** Dataset extract follows **
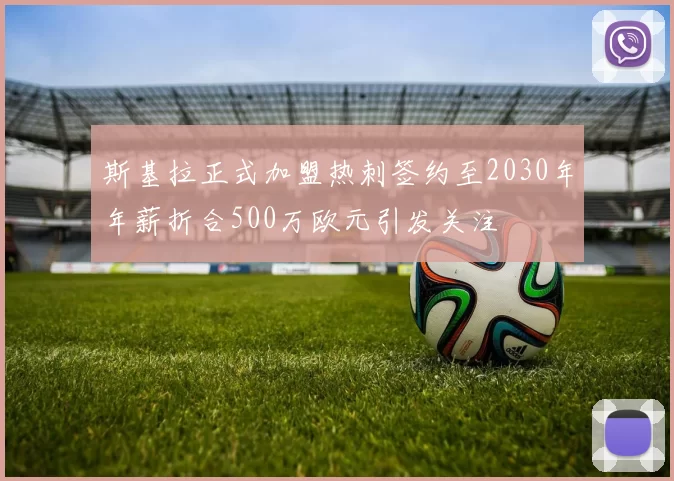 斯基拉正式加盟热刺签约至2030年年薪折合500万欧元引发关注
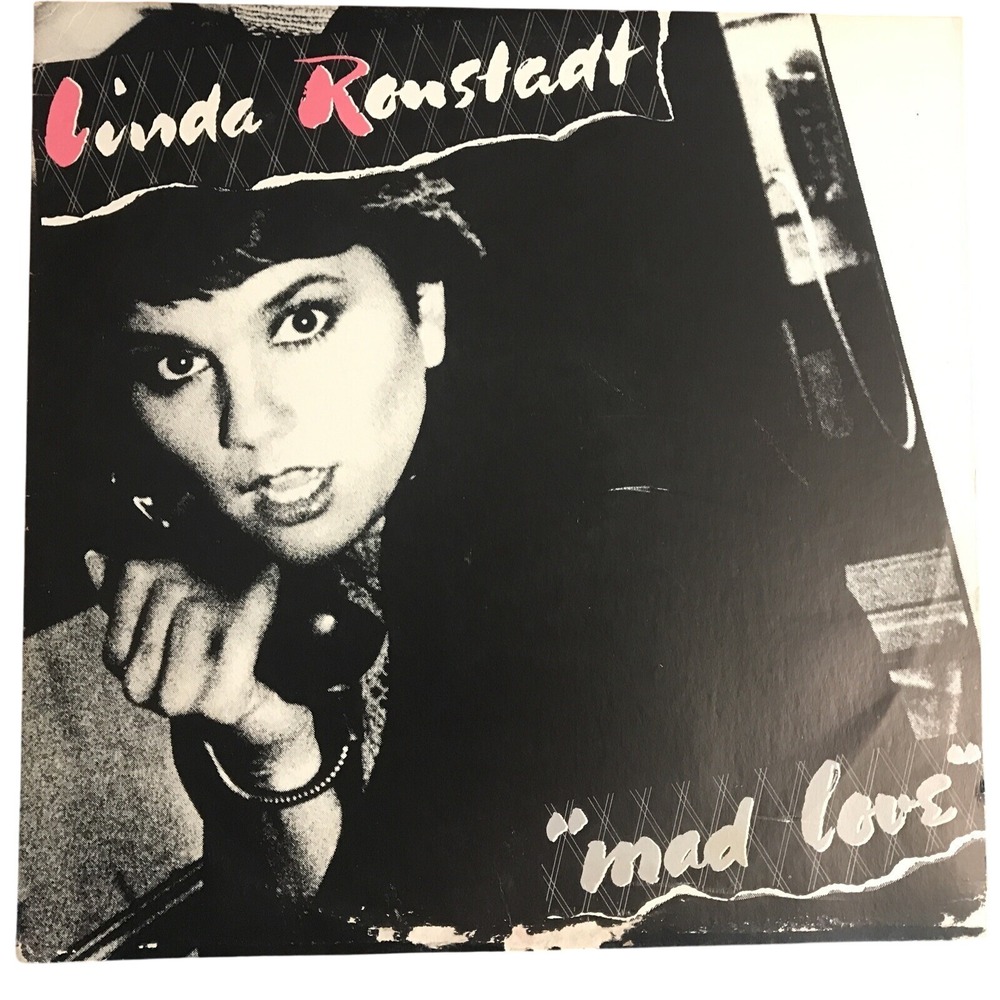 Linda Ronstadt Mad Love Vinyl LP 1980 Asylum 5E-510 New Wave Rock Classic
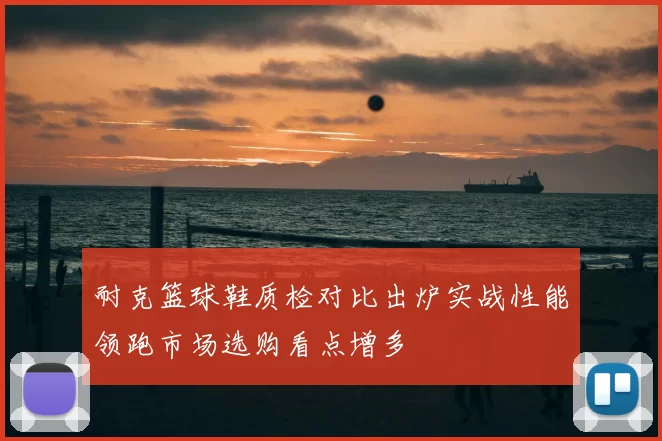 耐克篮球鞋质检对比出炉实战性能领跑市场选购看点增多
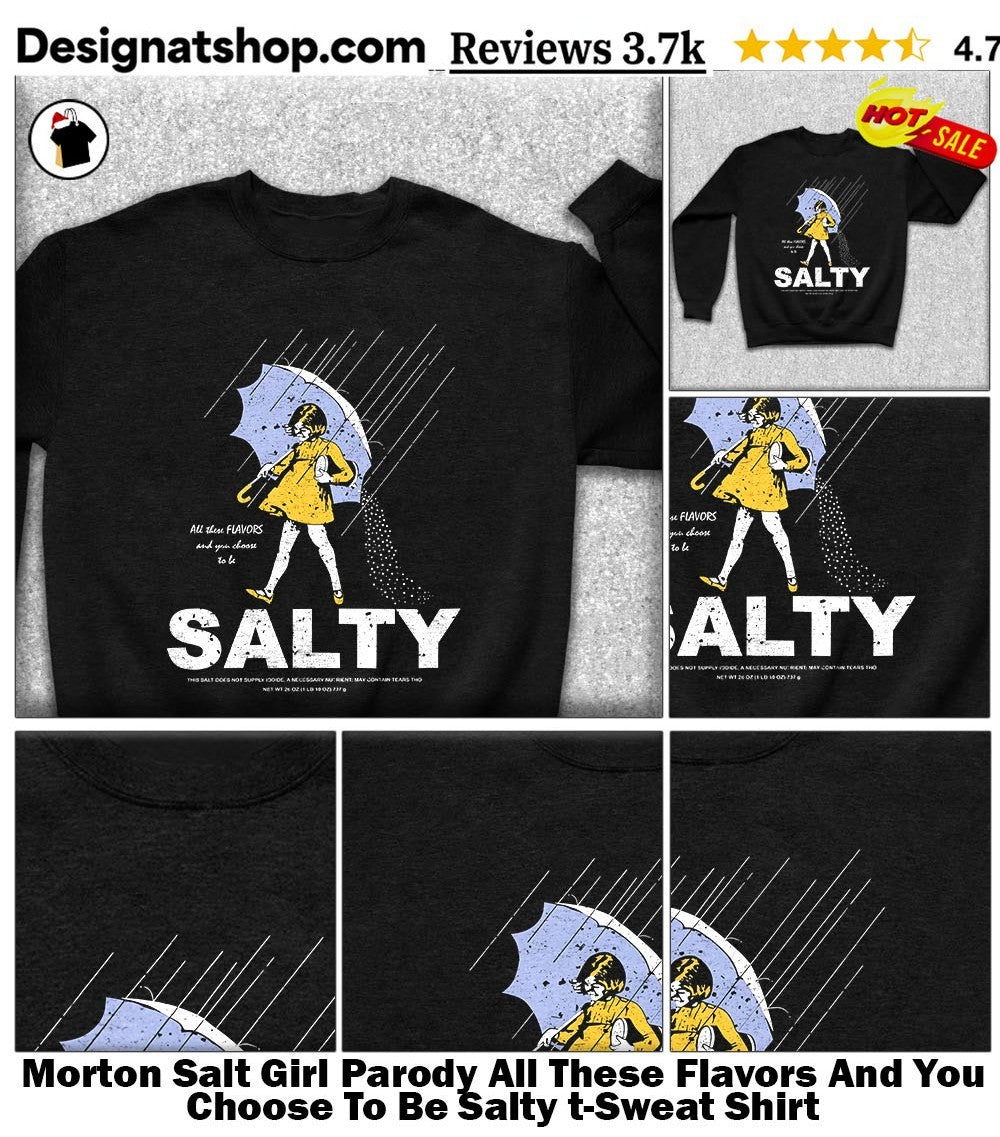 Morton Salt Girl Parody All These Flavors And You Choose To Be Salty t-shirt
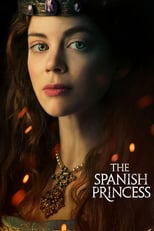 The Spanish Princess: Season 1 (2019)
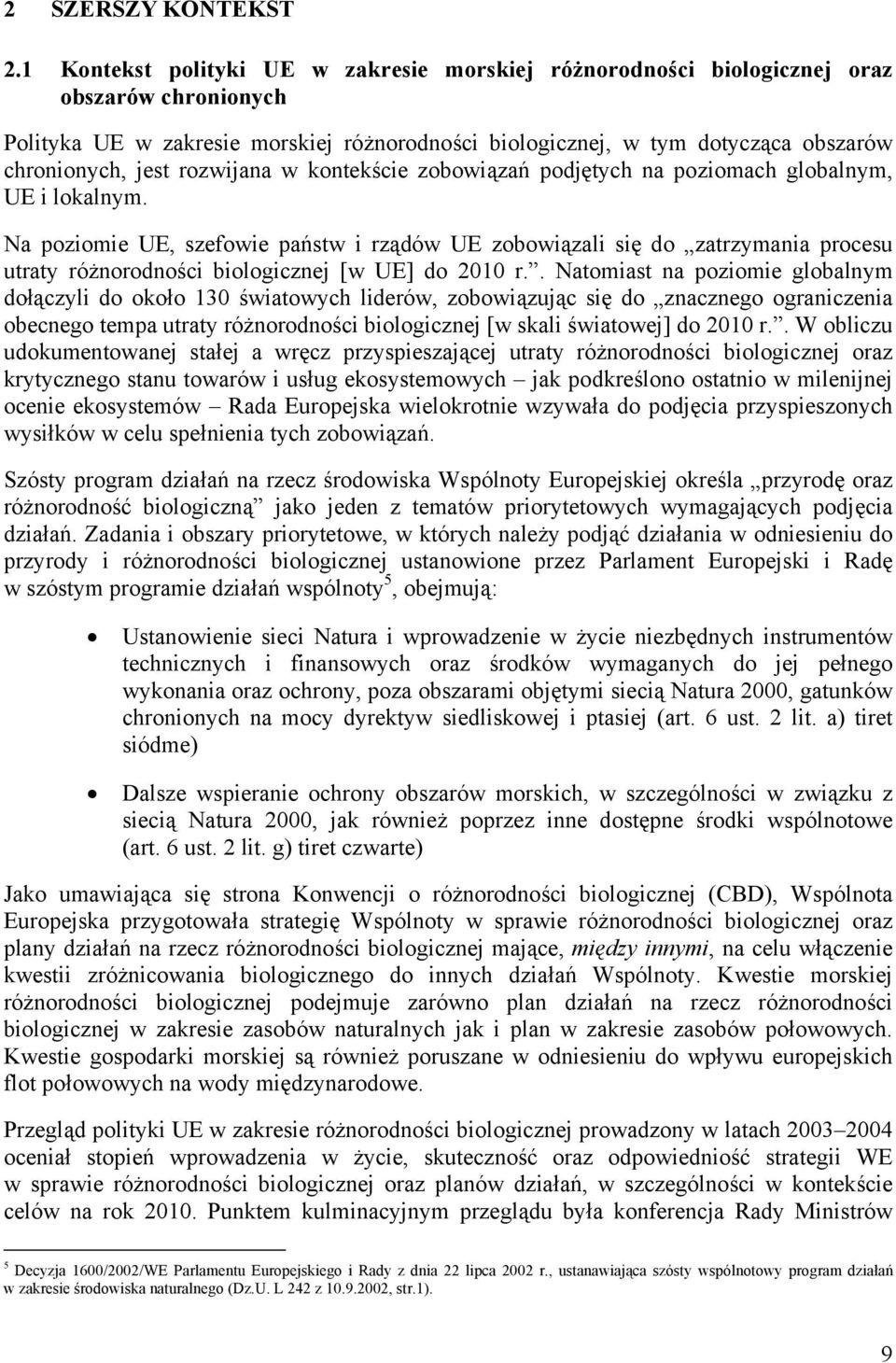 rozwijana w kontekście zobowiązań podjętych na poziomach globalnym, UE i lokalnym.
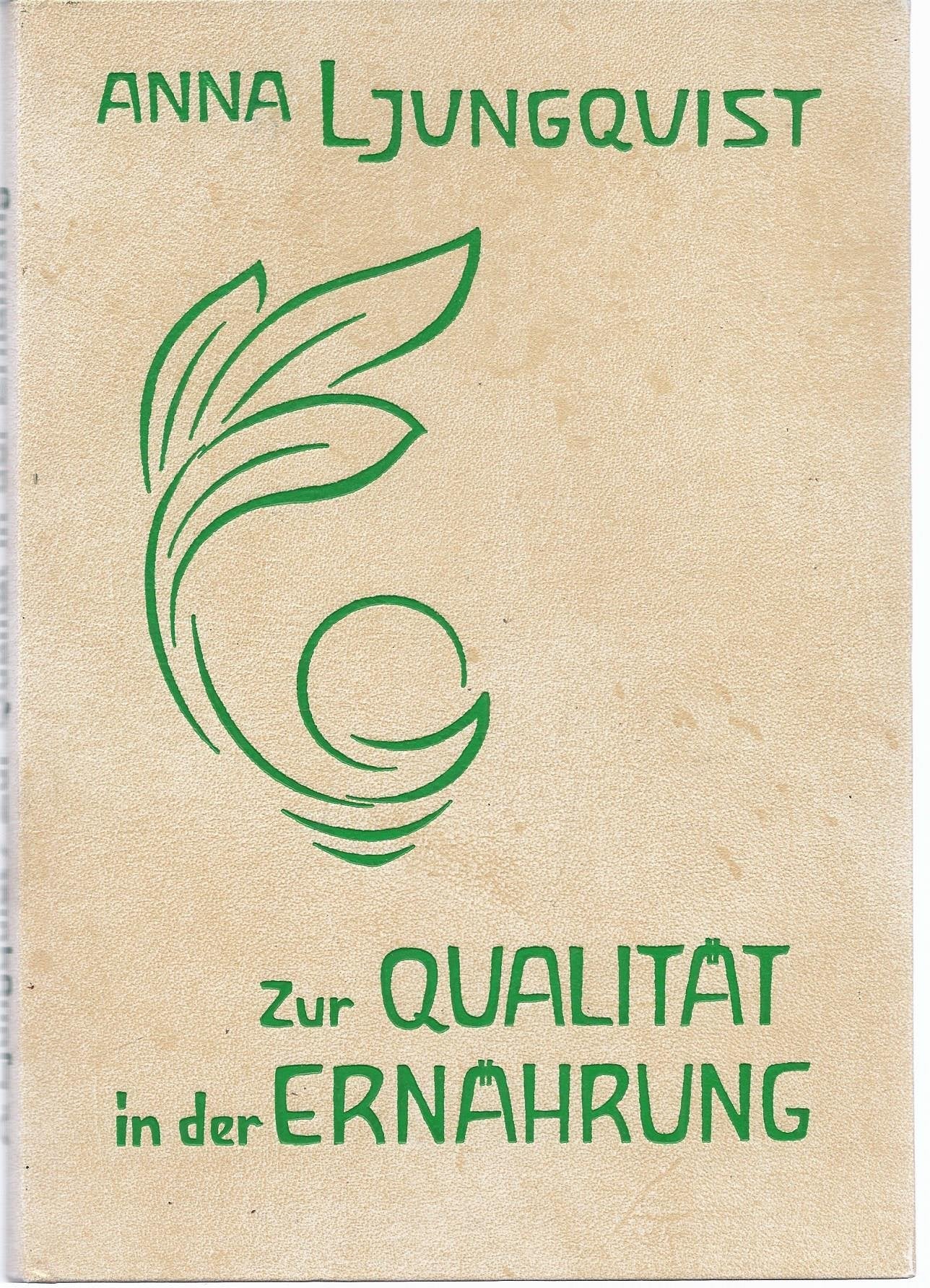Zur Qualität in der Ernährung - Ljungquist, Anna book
** End of Dataset extract **
— Task description —
Print the lines from the one holding "The Spanish Princess: Season 1 (2019)" through the last line of the records, word for word, and omit the pictures.

— Written response —
 The Spanish Princess: Season 1 (2019)
 rozwijana w kontekście zobowiązań podjętych na poziomach globalnym, UE i lokalnym.
Zur Qualität in der Ernährung - Ljungquist, Anna book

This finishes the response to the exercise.